A Million Ways To Die In The West

One word sprang to mind when I first saw the official trailer (the “red band” version with the swearing) some 12 months ago now, “Brilliant!“.

That was worrying because the trailer was so well cut, so hilariously funny, that surely it contained all the best bits of the film? Could there really be anything else to see here? Well the trailer does oversell the film a bit, but yes there is more, yes it is, “mostly”, funny, and yes you should absolutely get some popcorn and spend a Friday night watching the DVD.

A Million Ways To Die In The West is a Western with a modern day dialogue. We’ve seen modern day speech patterns and references used to comedy effect in Westerns since way back in the Carry On films and Blazing Saddles. References to modern day activities, “Don’t drink and horse”, somehow seem hilariously funny when set in the Wild West.

The film follows Albert Stark (Seth MacFarlane) a mild mannered sheep farmer, living a lonely life, and trying to avoid death in the town of Old Stump on the western frontier (1882). We follow Stark as he loses his girlfriend (Amanda Seyfried) to a wealthy local businessman (Neil Patrick Harris), and spends his days drinking away his sorrows with his best (and seemingly only) friend Edward (Giovanni Ribisi) and his prostitute fiancée, Ruth (Sarah Silverman).

When mysterious newcomer Anna (Charlize Theron) rides into town and captures Albert’s interest and heart, he becomes a new man. But with her deadly husband Clinch Leatherwood (Liam Neeson) in tow, Albert is going to have to become the western gun-slinging hero he never was.

Word of warning, my sense of humour is fairly childish, if you like your comedy clever and subtle then move right along!
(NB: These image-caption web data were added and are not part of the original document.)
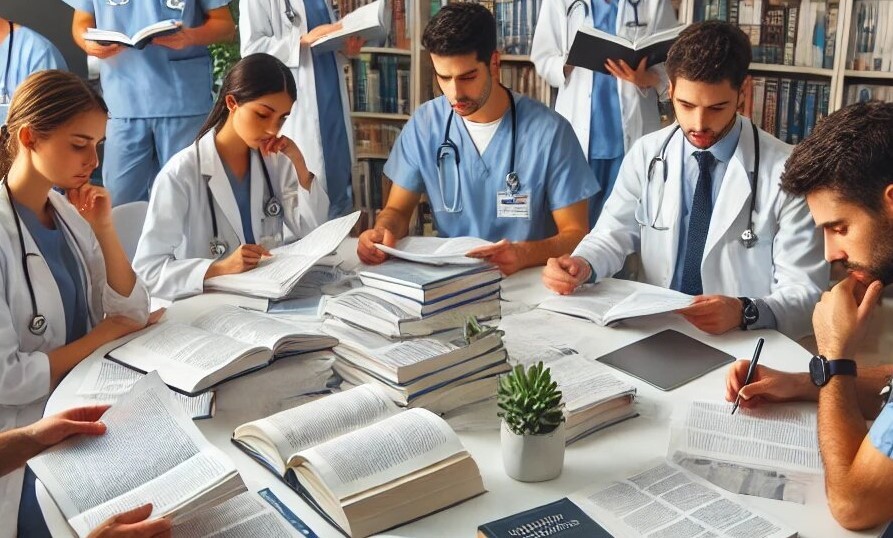 REVISION BIBLIOGRAFICA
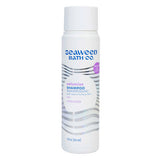 Sea Weed Bath Company, Argan Shampoo, Lavender 12 Oz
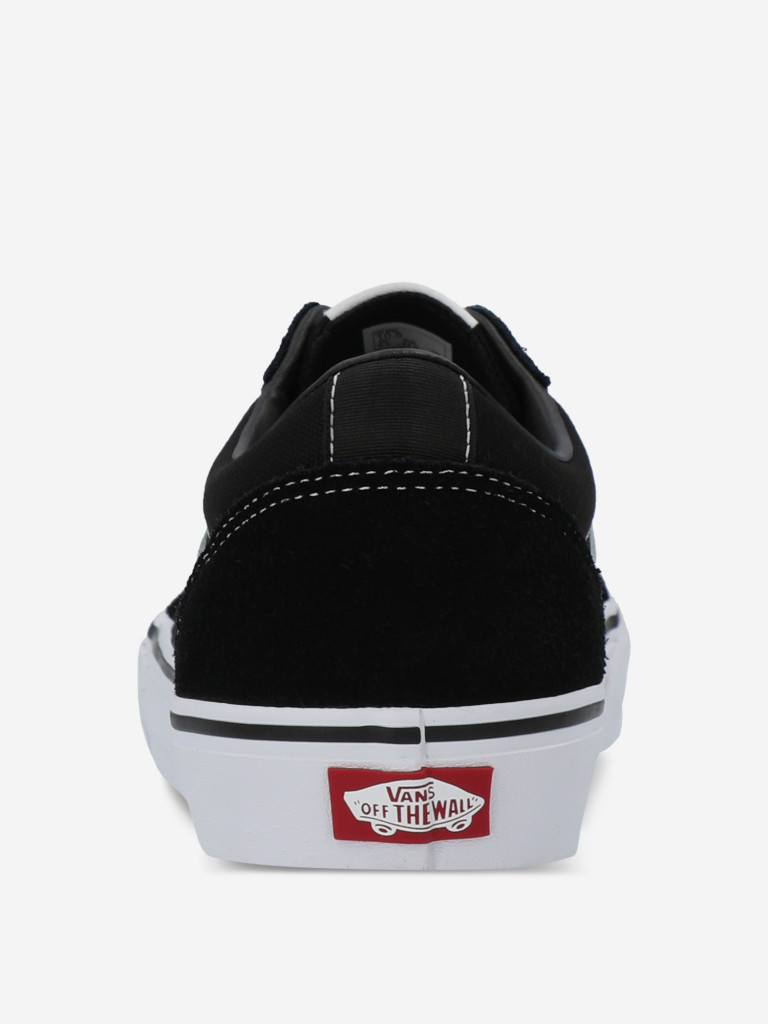 Кеды мужские Vans Mn Ward — фото №4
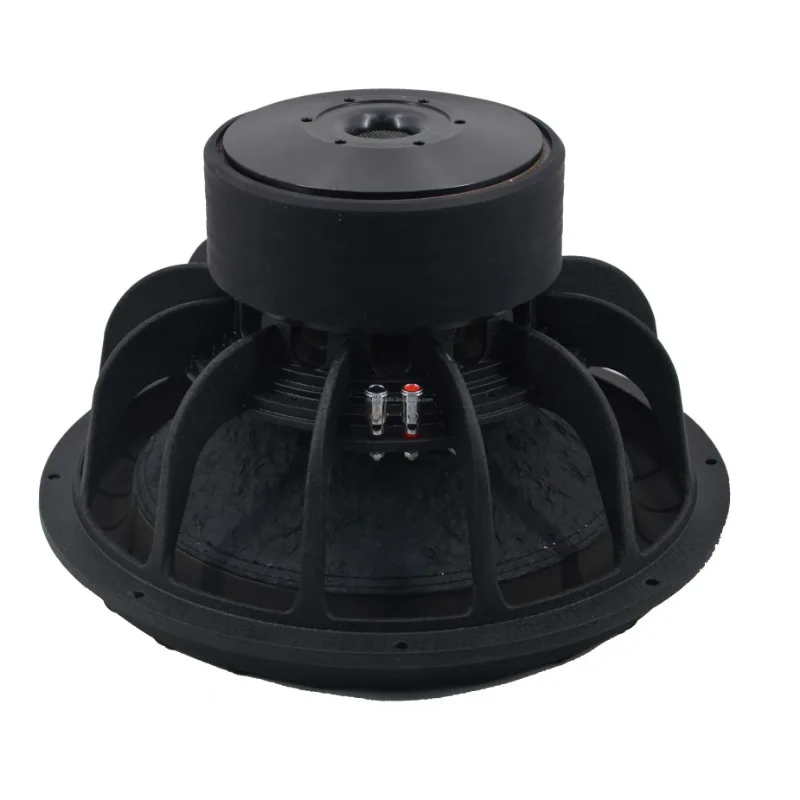 Imagem -04 - Altifalantes Estéreo Subwoofer Áudio para Automóvel Potência Super Forte 3000watts Graves Profundos 36hz500hz Ohm 1575039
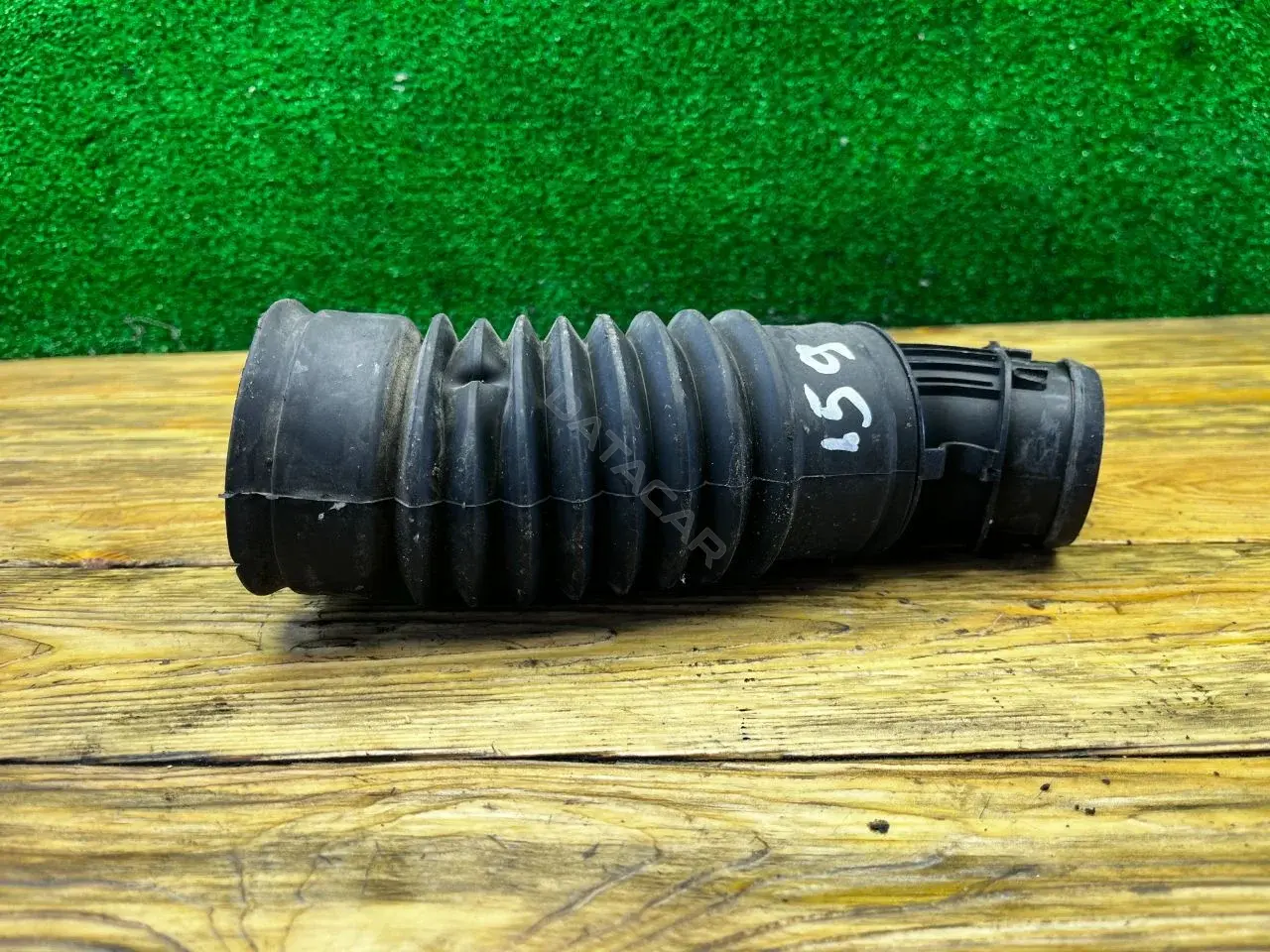 Патрубок воздушный 2S619A673EC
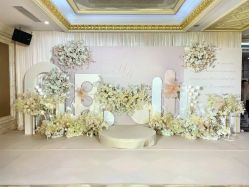 -粤大金融城国际酒店·婚宴·年会·会议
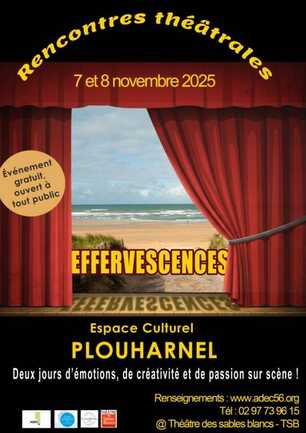 11.07 et 08 théâtre 11.07 et 08 théâtre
Written, produced, and directed by Seth MacFarlane (creator of Family Guy and American Dad!) the humour ranges from clever observational comedy, to slapstick, right down to overly gratuitous potty humour. If you caught his first live action film the 2012 smash hit Ted you will have some idea of what to expect.

There is some guffaw out loud dialogue, some brilliant visual gags (I loved the woolly sheep), a hilarious song and dance number (lead by Neil Patrick Harris, playing Barney Stinson a la 1882), and a drug induced animated sequence complete with dancing animated sheep!

There is also “a lot” of toilet humour, too much to allow for a great film. And some unashamed racism, although done for comic effect, is unnecessary and uncomfortable. It jumped between brilliantly clever comedy and gross cringe in your seat comedy too many times to achieve the kind of balance the true greats, like the original “Hangover“, pull off.

That said my wife and I chuckled quietly most of the way through, the film is carried by a great cast, and I won’t spoil the cameo by one of the greatest film trilogies ever made!

There are some genuine laughs to be had here but how many depends a great deal on how you take your comedy.